> **EXERCISE**
Once the line with "Maid apron haircuts" is found in the entries below, repeat it and each following line exactly, up to and including the line with "Ahşap Sunumluk Çerezlik". Add no other lines.

> **Short descriptive text snippets**
· · · ·

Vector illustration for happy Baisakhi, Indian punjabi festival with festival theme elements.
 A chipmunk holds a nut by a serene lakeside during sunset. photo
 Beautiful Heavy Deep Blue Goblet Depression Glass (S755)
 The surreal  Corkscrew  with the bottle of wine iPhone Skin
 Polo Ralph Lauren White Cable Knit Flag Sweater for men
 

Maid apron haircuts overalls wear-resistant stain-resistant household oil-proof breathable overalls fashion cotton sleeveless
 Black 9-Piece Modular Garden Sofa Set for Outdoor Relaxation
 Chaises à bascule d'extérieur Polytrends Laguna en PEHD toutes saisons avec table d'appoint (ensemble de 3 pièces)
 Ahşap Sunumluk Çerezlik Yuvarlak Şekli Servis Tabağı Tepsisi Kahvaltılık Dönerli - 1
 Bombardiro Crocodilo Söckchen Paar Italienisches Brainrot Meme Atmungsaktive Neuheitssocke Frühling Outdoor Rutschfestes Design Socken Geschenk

· · · ·

> **TASK SOLUTION**
Maid apron haircuts overalls wear-resistant stain-resistant household oil-proof breathable overalls fashion cotton sleeveless
 Black 9-Piece Modular Garden Sofa Set for Outdoor Relaxation
 Chaises à bascule d'extérieur Polytrends Laguna en PEHD toutes saisons avec table d'appoint (ensemble de 3 pièces)
 Ahşap Sunumluk Çerezlik Yuvarlak Şekli Servis Tabağı Tepsisi Kahvaltılık Dönerli - 1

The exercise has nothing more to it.